Yesterday I had a houseful of children, even more than usual with school friends over on a rainy day. Their mother was suitably impressed with the paintwork on the outside of the house but was struck by the contrast with the inside, which is very much a worksite/work in progress. The living room has trestles and saw set up and piles of trim (architraves, skirting boards, wall trim) leaning against walls. Wall and ceiling sheeting lean against another wall. The compressor occupies a corner. The bedroom is the tidiest but still has piles of wood and spare tongue and groove (vjs) leaning in one corner. The old kitchen is our tool and everything-we-don’t-want-elsewhere repository. One old kitchen wall cabinet is piled high with sharp and poisonous things out of the reach of small ones. The toilet and laundry are swathed in drop sheets and semi-painted. I spent about 16 hours over the weekend painting or preparing to paint and I have the aches and bruises to prove it.
Scrape, sand, sugar soap, undercoat and seal, topcoat twice. Doesn’t sound like so much does it? Imagine doing it up a ladder stretching for the 3 metre ceiling. I’ve learnt a few lessons (you can infer for yourselves how I might have learnt them):
1. A small paintpot with a handle works better up a ladder than trying to balance an old icecream container.
2. You need two brushes to paint vj.
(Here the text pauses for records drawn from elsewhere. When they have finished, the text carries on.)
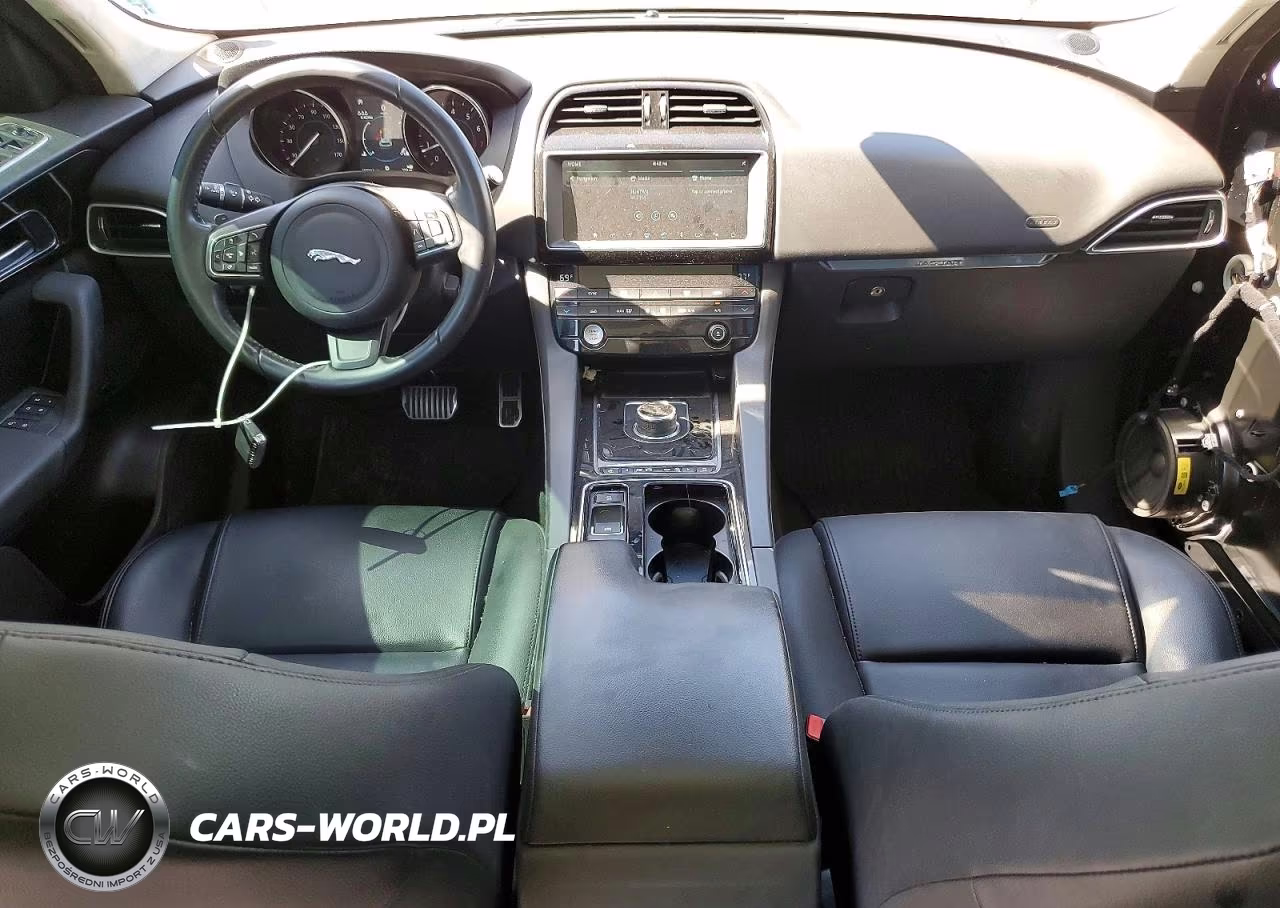 2019 Jaguar F-Pace Premium VIN:SADCJ2FX4KA369696 - 8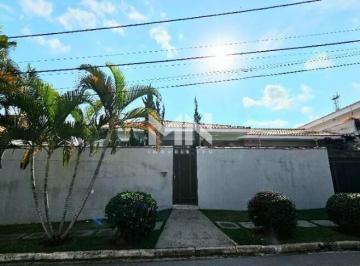 Casa · 274m² · 3 Quartos · 6 Vagas · Casa à venda no bairro Alto das Palmeiras em Itu/SP. 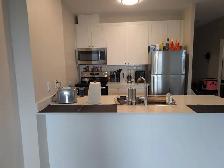 1 Bedroom   Den, 837 sqft, SE London, Heat & Water Included - Photo 2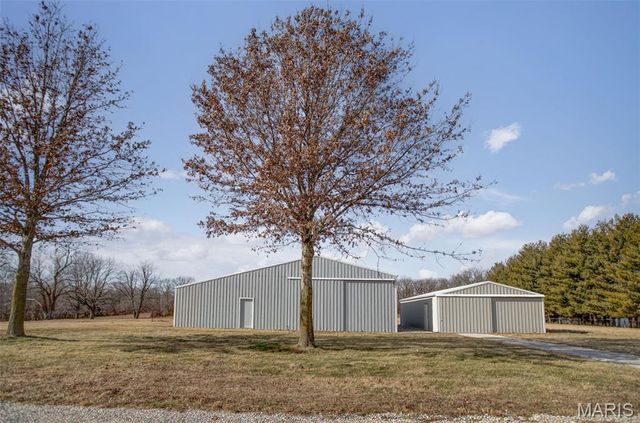 6611 Quercus Grove Road, Edwardsville, IL 62025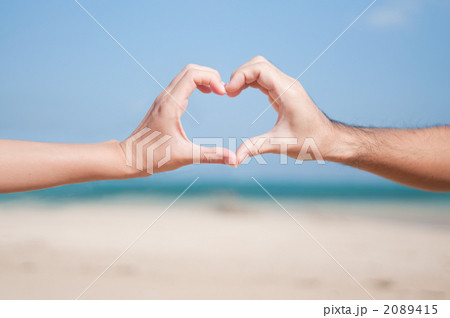 ハートを作るカップルの手元 2089415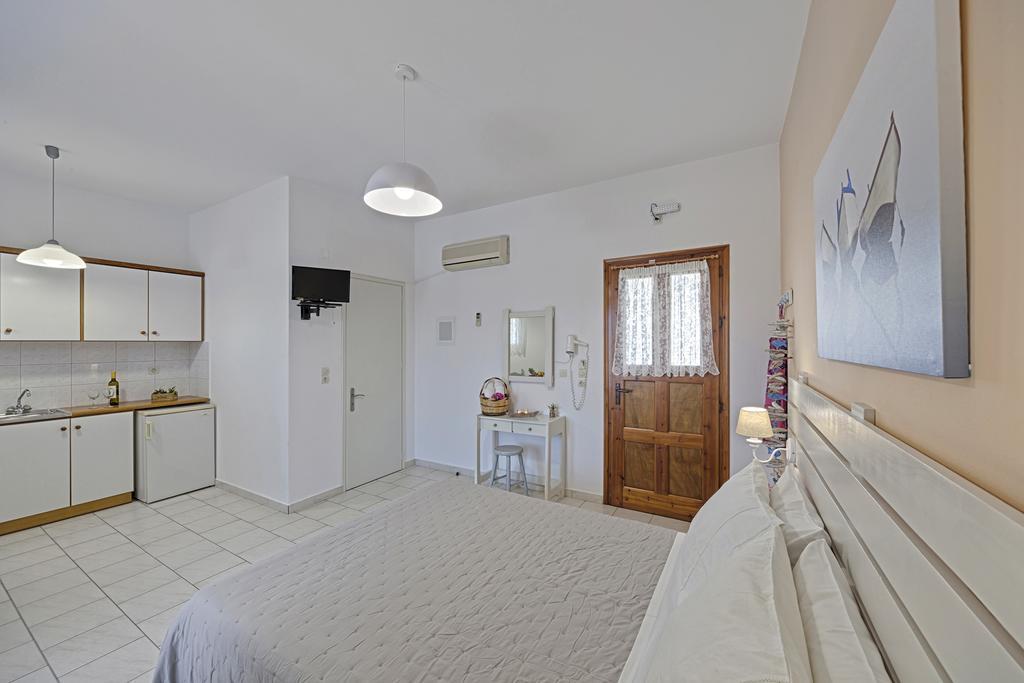 Letta'S Apartments Finikas  Bagian luar foto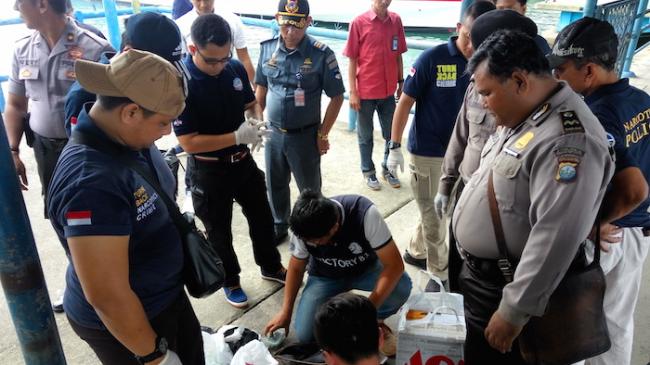 Satuan Narkoba Polres Cek Urine Penumpang Kapal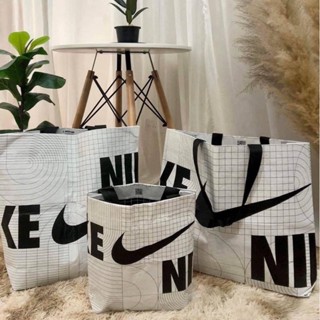 กระเป๋า Nike Reusable Shopping Bag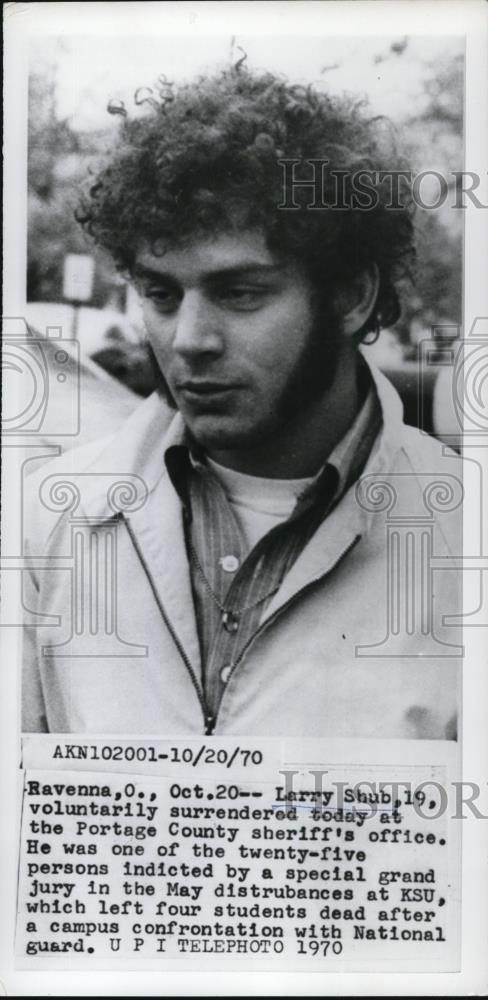 1970 Press Photo Larry Shub of KSU Riots Surrenders to Police at Ravenna Ohio - Historic Images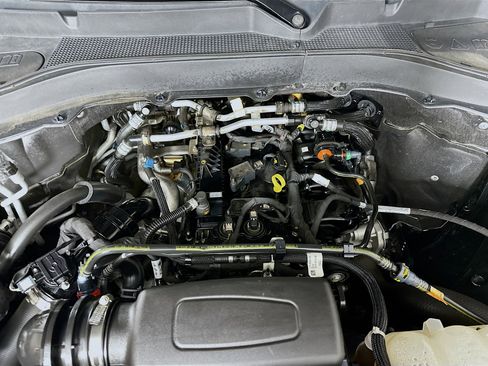 Used 2023 Ford Explorer XLT w/ Equipment Group 202A image 34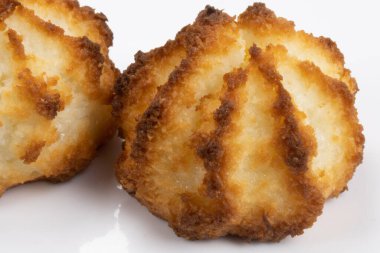 Beyaz arka planda izole edilmiş hindistan cevizi kaya kekleri.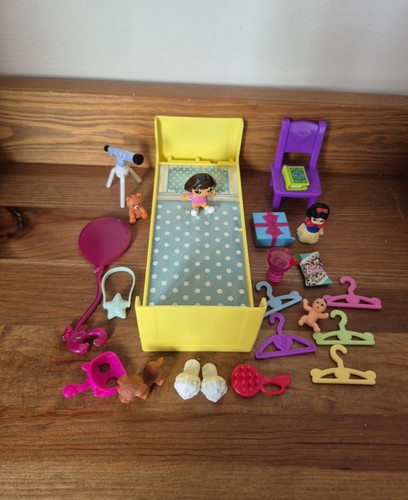 Barbie chelsea dolls - dolls, bedroom
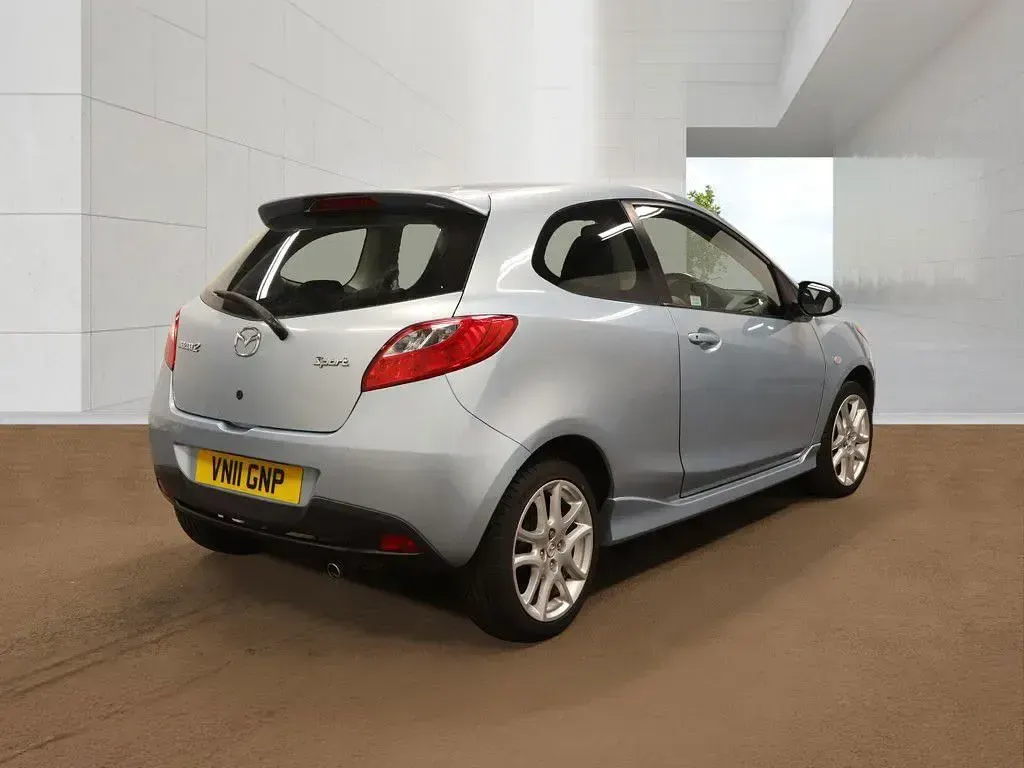 Used Mazda 2 Inclusive 102 HP (75 kW) 2011 Blue Hatchback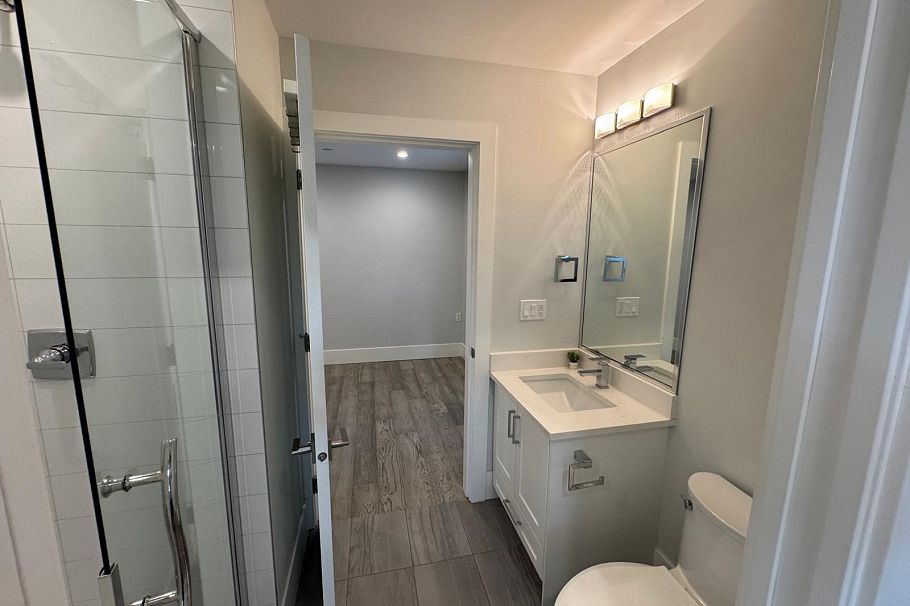 3345 Parker Street Vancouver, BC - 18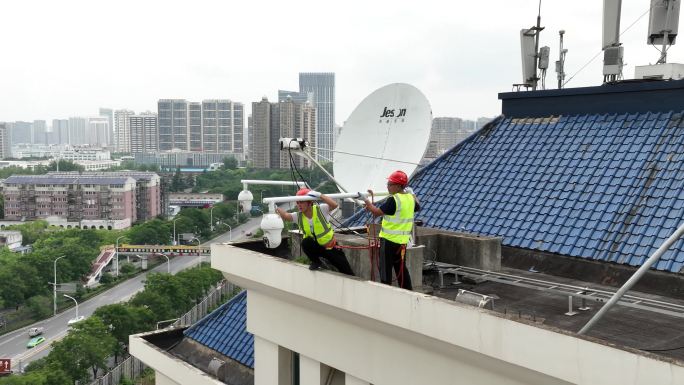 中国移动高空安装监控设备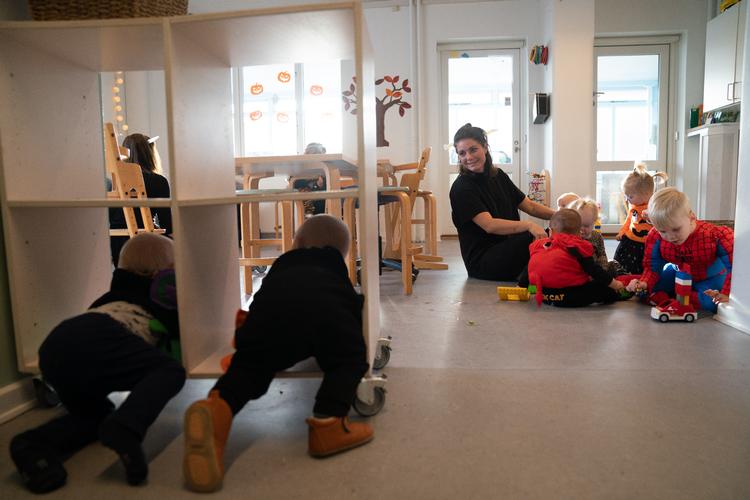 afbrudt. Fordybelsen sammen med børnene har det svært i hverdagen, synes pædagog Celina Borggild, der her prøver at lege med lego med en gruppe børn i Abildgården på Amager 
  
   Foto: Andreas Merrald/POLFOTO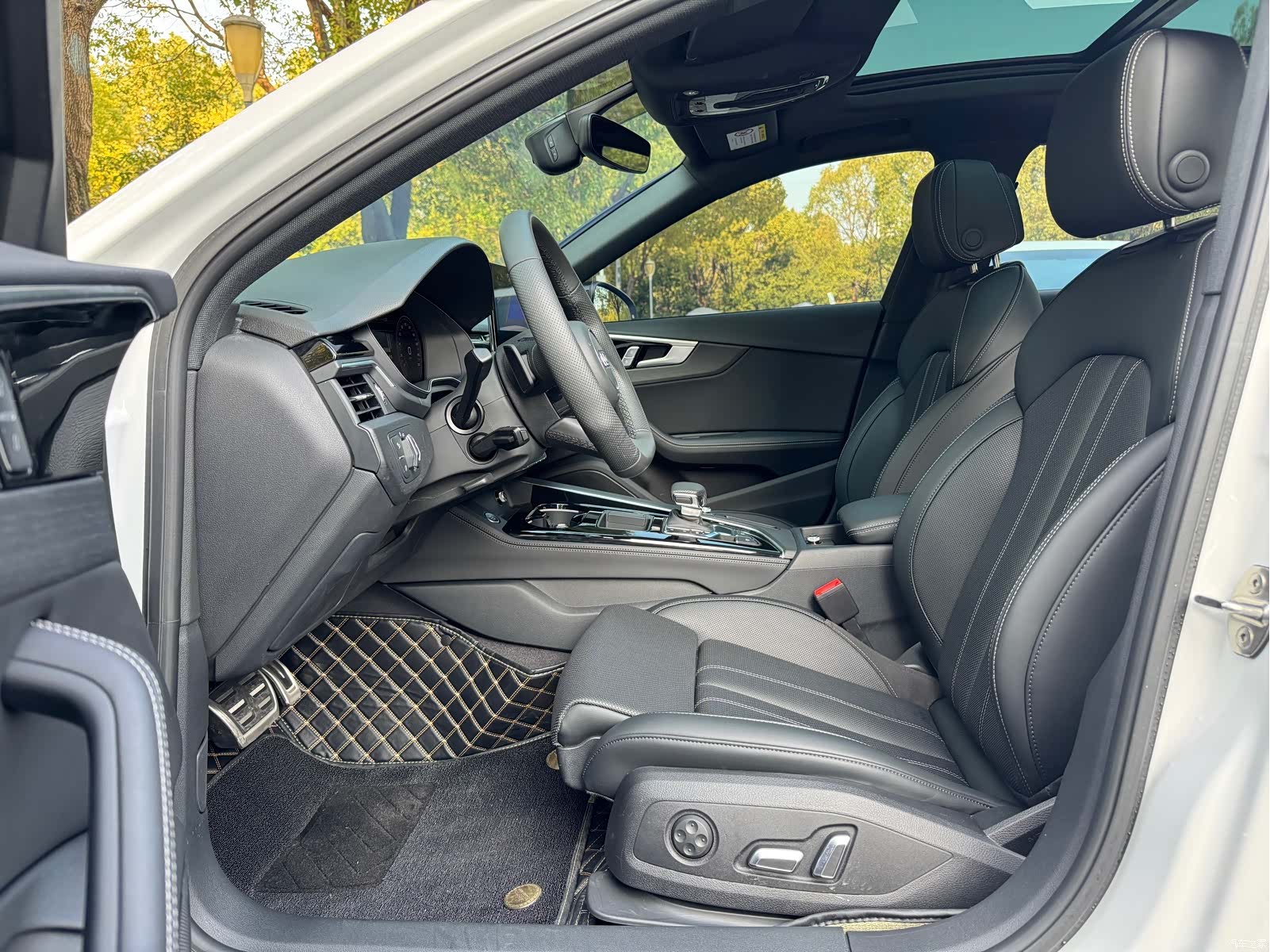 Audi A4L, 2024 все фото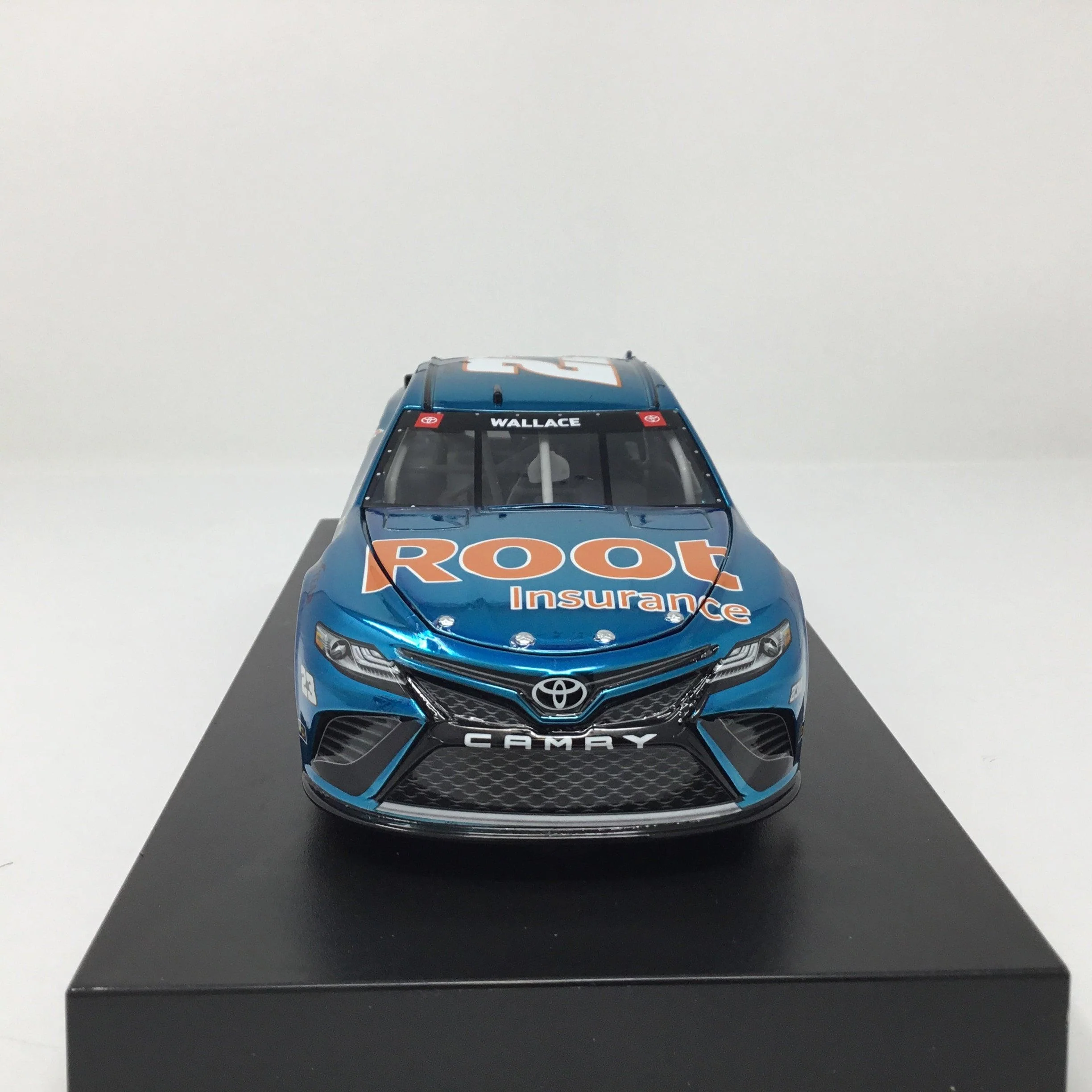 Bubba Wallace 2021 Root Insurance Darlington Color Chrome 1:24 Diecast - Image 3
A skinny one for the grooves and a wide one for the flat bits.
3. Never write on a wall even a bare wooden one in ballpoint pen. We now have a beautifully illustrated builder’s diagram on one wall that is perfectly legible through five coats of paint.
4. Don’t listen to salsa music on your iPod when you are on top of a slightly wobbly ladder.
5. Don’t paint at night with the window open unless there is no other time to do it. The newly painted walls become graveyards of flying insects. Moths are the worst as they stumble and leave wing fluff across broad expanses of previously impeccable antique white.
6. Make sure that you are on the bottom rung of the ladder when you step off it.
7. Pay someone else to do your painting.